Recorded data

◆ ◆ ◆ ◆ ◆

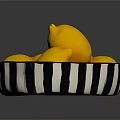 Decorative Black And White Striped Bowl With Fresh Yellow Lemons In Kitchen
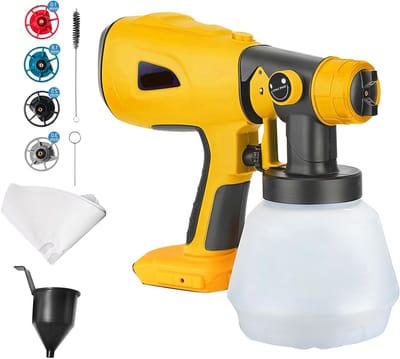Draadloos verfspuitpistool met 4 sproeiers en 1000 ml tank voor meubels en muren - ideaal voor 18 V en 20 V accu's.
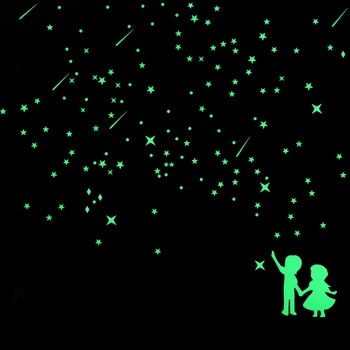 Romantik Meteor Yağmuru Yıldızlı Gökyüzü Aydınlık Sticker Glow Karanlık Yıldız Sticker El Erkek Kız Sevgilisi Çocuk Odası Duvar Çıkartması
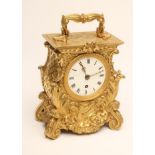 AN ENGLISH ORMOLU CASED MANTEL CLOCK, late 19th century, the single fusee movement stamped on inside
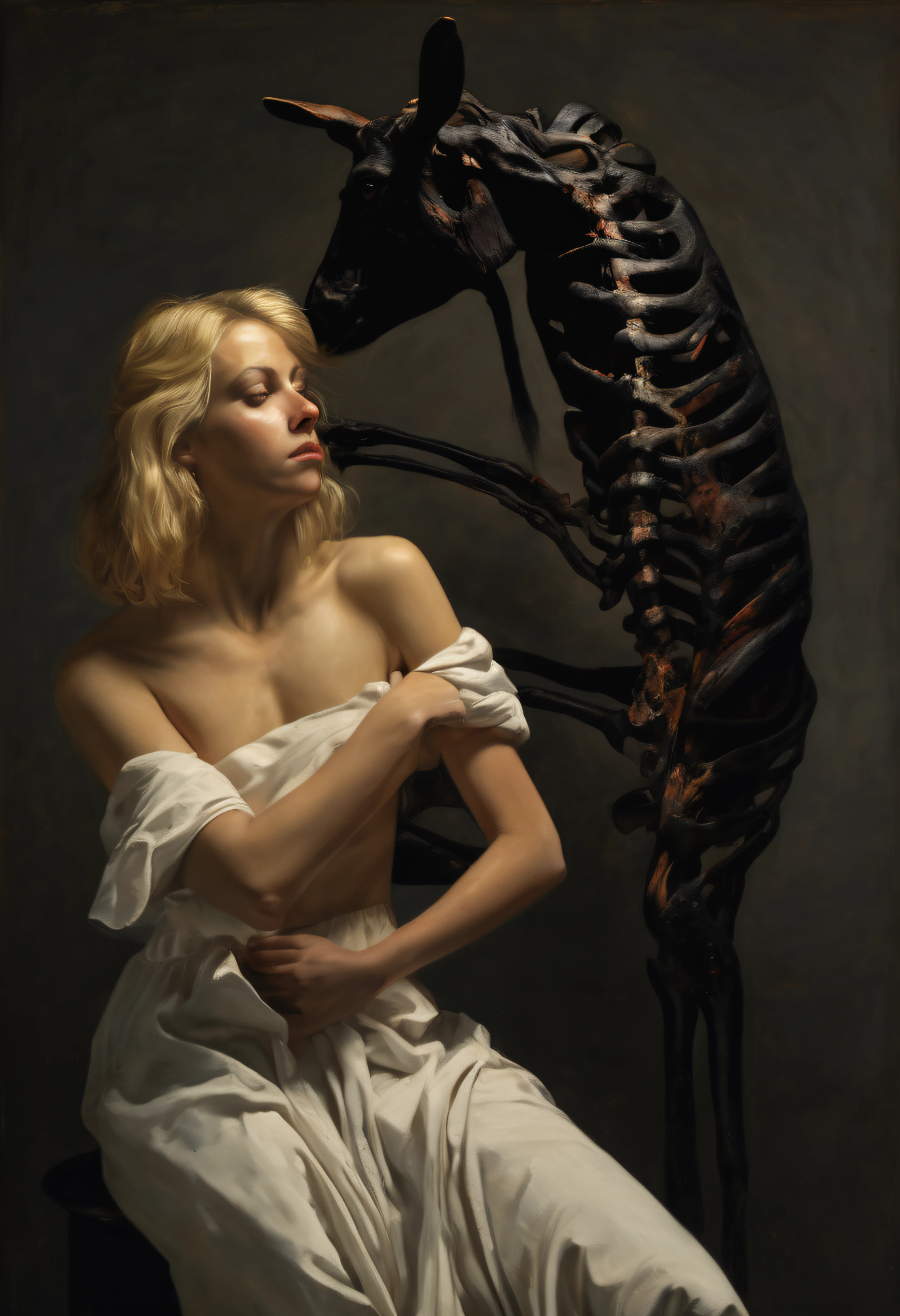 "(The best lighting, alto contraste, oscuro, dramatic),(Chica rubia junto a una cabra negra gigante, Open the rib cage, feto, autopsia, huesos humanos, sangre por las paredes). Luz Caravaggio"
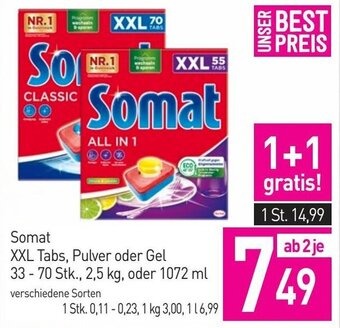Sutterlüty Somat XXL Tabs, Pulver oder Gel 33-70 Stk., 2,5 kg, oder 1072 ml Angebot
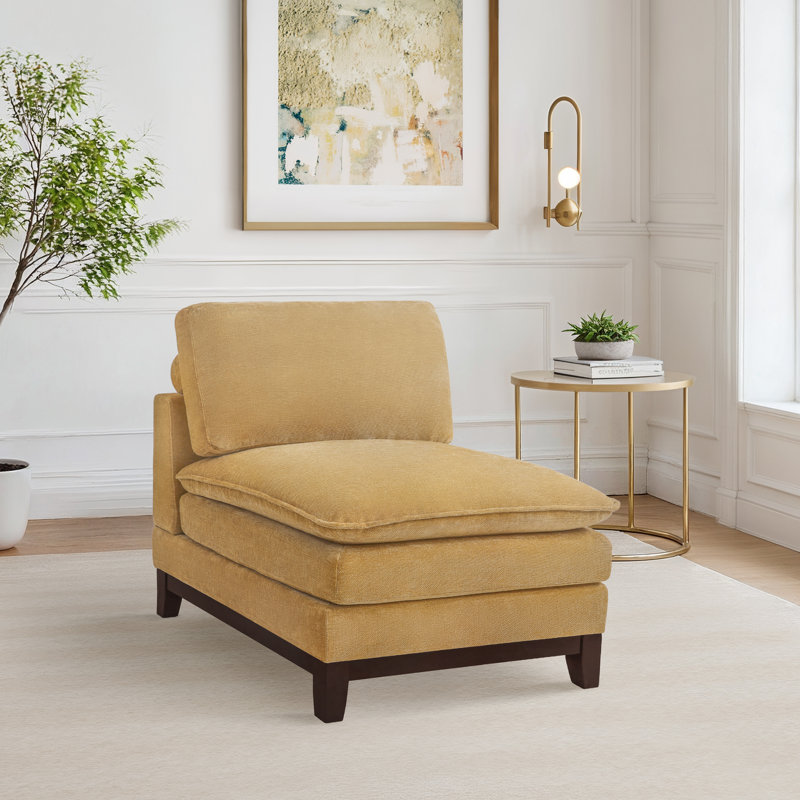 Gary Armless Accent Chair, Ginger Chenille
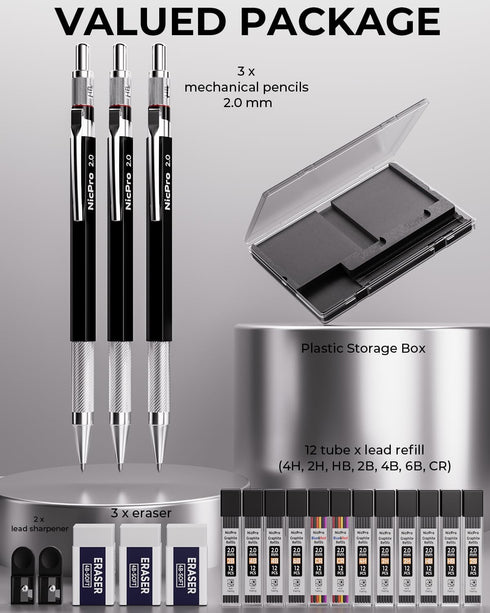 Nicpro 2mm Metal Mechanical Pencil Set with Case, 3PCS Lead Pencil Holder 2.0 mm with 144PCS Lead Refills (4H 2H HB 2B 4B 6B Color), Eraser, Sharpener for Drafting Writing Drawing Sketching by Nicpro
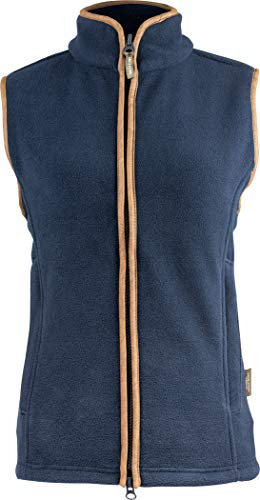 JACK PYKE Ladies Countryman 300g Thermal Fleece Gilet for Women, Lightweight Ladies Gilet and Bodywarmer with Faux Antiqued Leather Trim, Ideal for Outdoor Adventures - Navy XX-Large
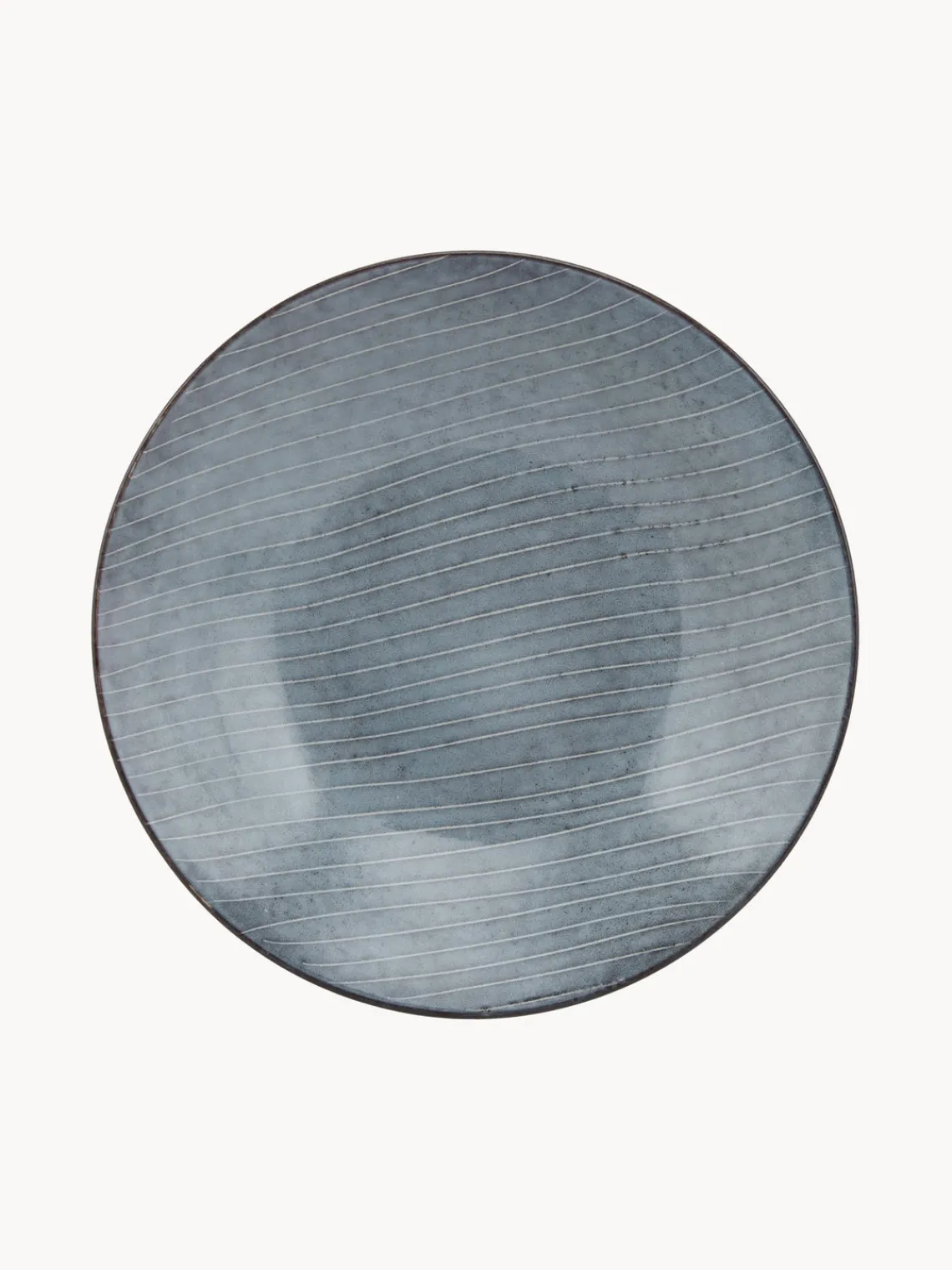 Clearance Broste Copenhagen Assiettes creuses artisanales Nordic Sea, 4 pièces Gris-bleu, chiné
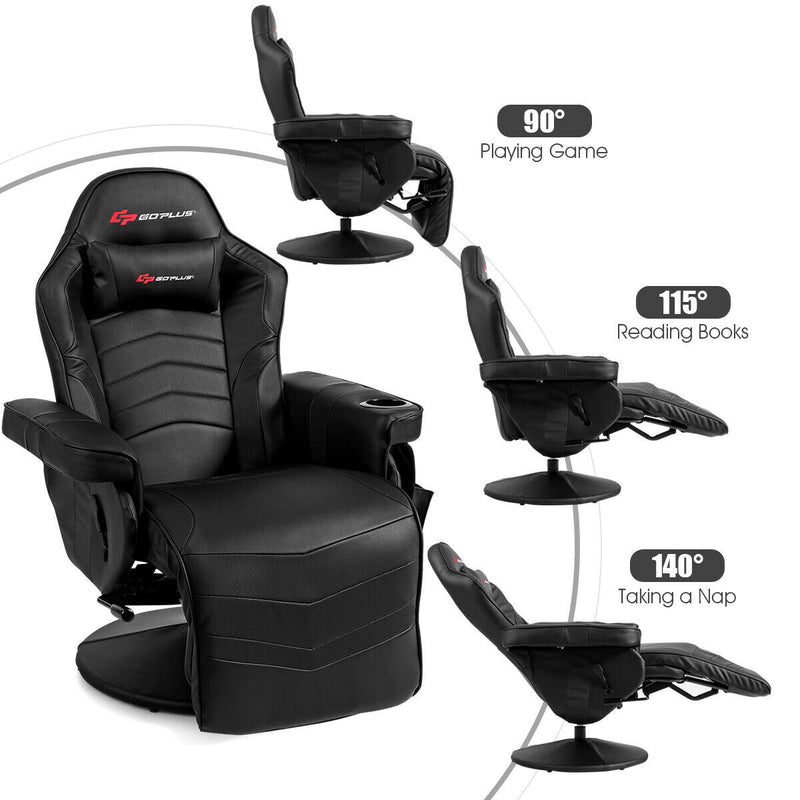 *Ergonomic High Back Massage Gaming Chair with Pillow - Black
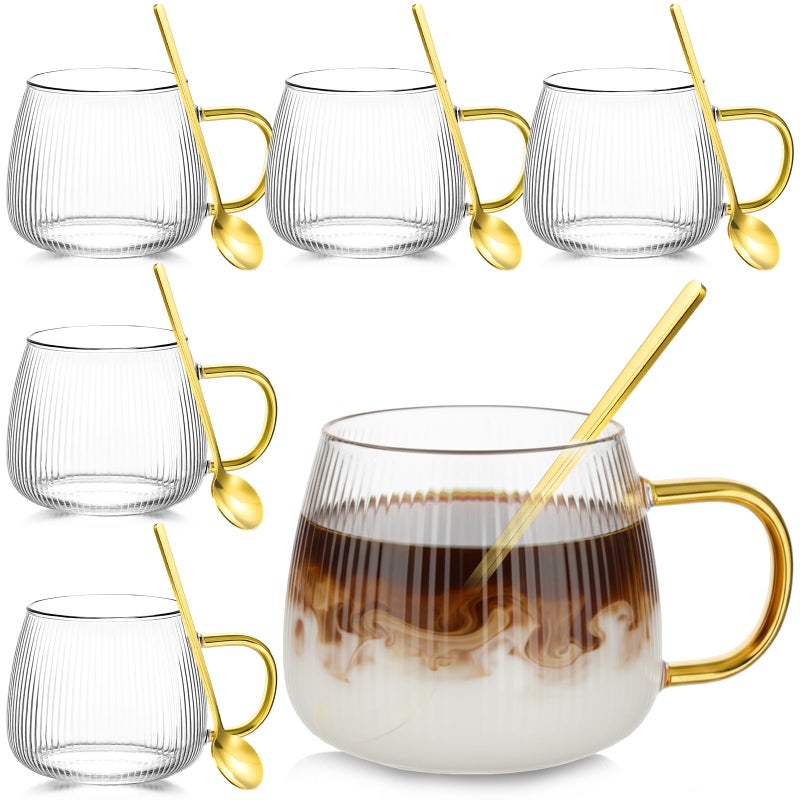 Layhit 6 Sets Striped Glass Coffee Mugs with Spoons 13.5 oz Clear Tea Cups Glasses with Handle Mini Spoon for Milk, Latte, Cappuccino, Espresso, Cold or Hot Drinks - Image 1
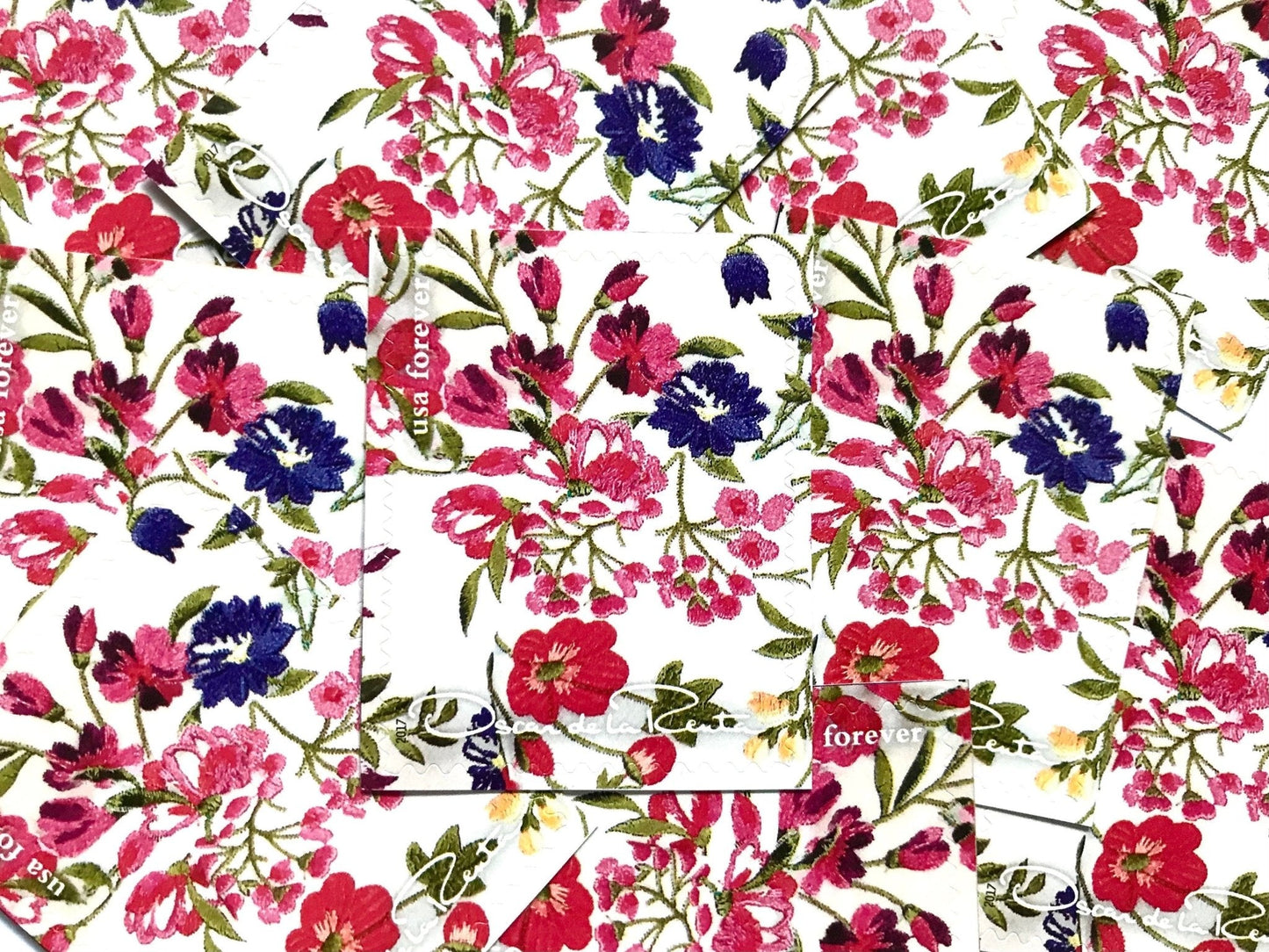 Unused Vintage Oscar de la Renta White Floral Fabric Stamps (ODLR, Fashion Designer, Flowers) USPS Postage Forever Stamp - Heritage Post House
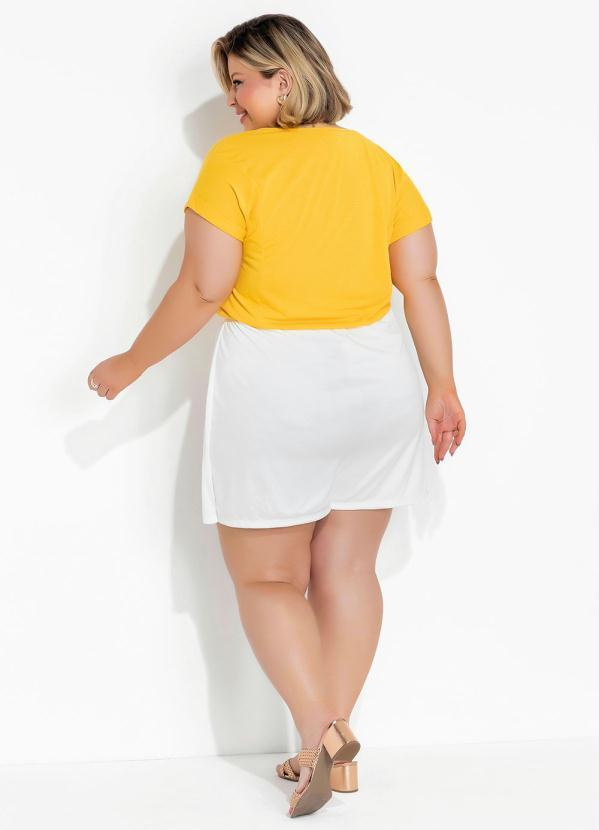 Outlet - Blusa Amarela com Elástico na Barra Plus Size 4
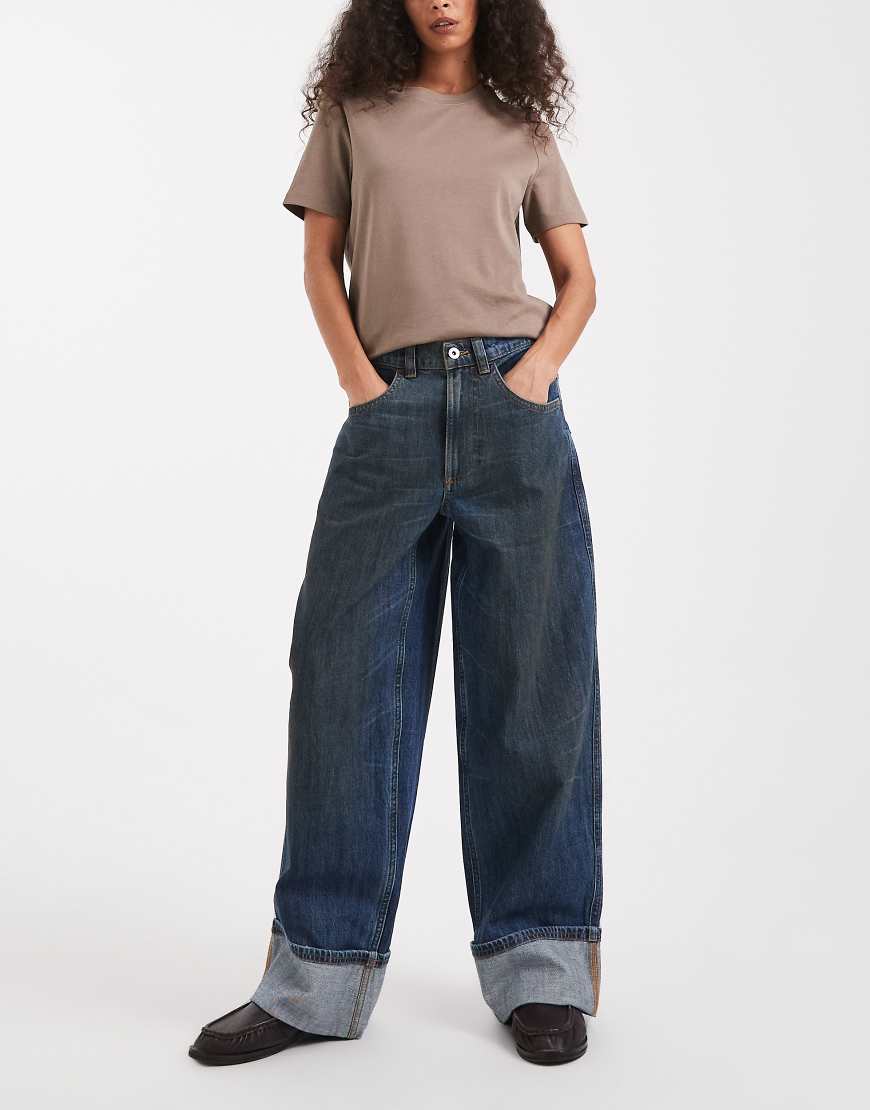 COLLUSION - Jeans in Dunkelblau mit Umschlagsaum von Collusion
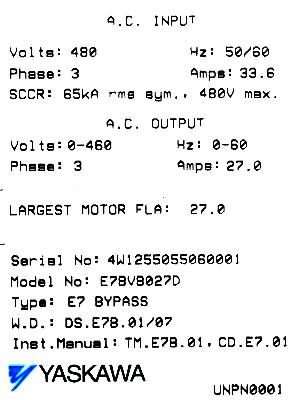 Yaskawa E7BVB027D label image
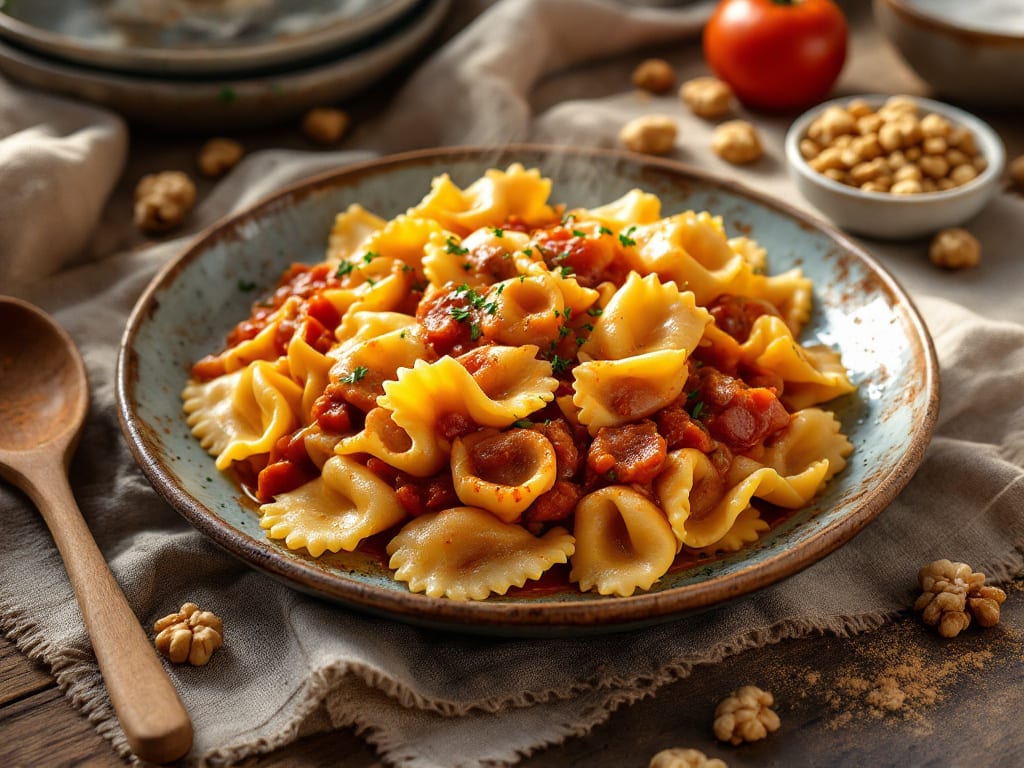 Trofiette con Ragù di Noci e Pomodoro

◆ ◆ ◆ ◆ ◆

- Action item: All entries should be restated word for word; no images belong in the copy.

- Solution for this problem:
 Decorative Black And White Striped Bowl With Fresh Yellow Lemons In Kitchen
Draadloos verfspuitpistool met 4 sproeiers en 1000 ml tank voor meubels en muren - ideaal voor 18 V en 20 V accu's.
 Romantik Meteor Yağmuru Yıldızlı Gökyüzü Aydınlık Sticker Glow Karanlık Yıldız Sticker El Erkek Kız Sevgilisi Çocuk Odası Duvar Çıkartması
 AN ENGLISH ORMOLU CASED MANTEL CLOCK, late 19th century, the single fusee movement stamped on inside
 "(The best lighting, alto contraste, oscuro, dramatic),(Chica rubia junto a una cabra negra gigante, Open the rib cage, feto, autopsia, huesos humanos, sangre por las paredes). Luz Caravaggio"
Sutterlüty Somat XXL Tabs, Pulver oder Gel 33-70 Stk., 2,5 kg, oder 1072 ml Angebot
 Gary Armless Accent Chair, Ginger Chenille
 Nicpro 2mm Metal Mechanical Pencil Set with Case, 3PCS Lead Pencil Holder 2.0 mm with 144PCS Lead Refills (4H 2H HB 2B 4B 6B Color), Eraser, Sharpener for Drafting Writing Drawing Sketching by Nicpro
 JACK PYKE Ladies Countryman 300g Thermal Fleece Gilet for Women, Lightweight Ladies Gilet and Bodywarmer with Faux Antiqued Leather Trim, Ideal for Outdoor Adventures - Navy XX-Large
 Clearance Broste Copenhagen Assiettes creuses artisanales Nordic Sea, 4 pièces Gris-bleu, chiné
 *Ergonomic High Back Massage Gaming Chair with Pillow - Black
 Layhit 6 Sets Striped Glass Coffee Mugs with Spoons 13.5 oz Clear Tea Cups Glasses with Handle Mini Spoon for Milk, Latte, Cappuccino, Espresso, Cold or Hot Drinks - Image 1
 Unused Vintage Oscar de la Renta White Floral Fabric Stamps (ODLR, Fashion Designer, Flowers) USPS Postage Forever Stamp - Heritage Post House
 Outlet - Blusa Amarela com Elástico na Barra Plus Size 4
 COLLUSION - Jeans in Dunkelblau mit Umschlagsaum von Collusion
 Yaskawa E7BVB027D label image
 Trofiette con Ragù di Noci e Pomodoro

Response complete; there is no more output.